Exercise aim:
Set down exactly the lines in the records below that run from the line with "Flex room with" to the line with "Yankees second baseman", inclusive, and nothing more.

Input for this task:
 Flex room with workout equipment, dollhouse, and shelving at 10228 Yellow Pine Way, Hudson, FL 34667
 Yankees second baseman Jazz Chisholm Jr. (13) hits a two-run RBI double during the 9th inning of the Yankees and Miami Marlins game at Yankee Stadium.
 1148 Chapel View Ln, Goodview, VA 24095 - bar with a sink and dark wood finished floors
--
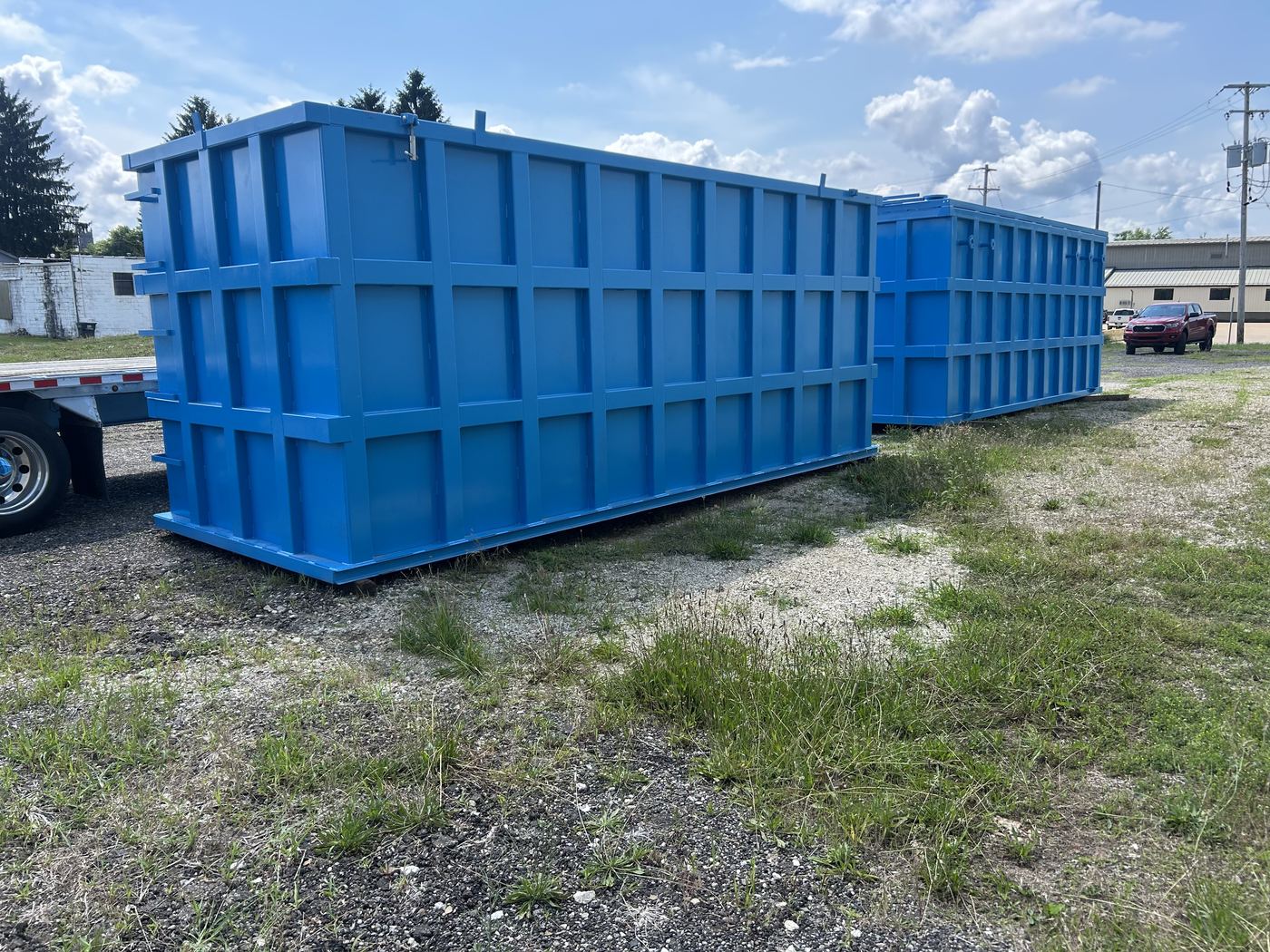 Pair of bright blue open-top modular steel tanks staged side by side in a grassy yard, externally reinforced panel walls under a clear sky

Problem solution:
 Flex room with workout equipment, dollhouse, and shelving at 10228 Yellow Pine Way, Hudson, FL 34667
 Yankees second baseman Jazz Chisholm Jr. (13) hits a two-run RBI double during the 9th inning of the Yankees and Miami Marlins game at Yankee Stadium.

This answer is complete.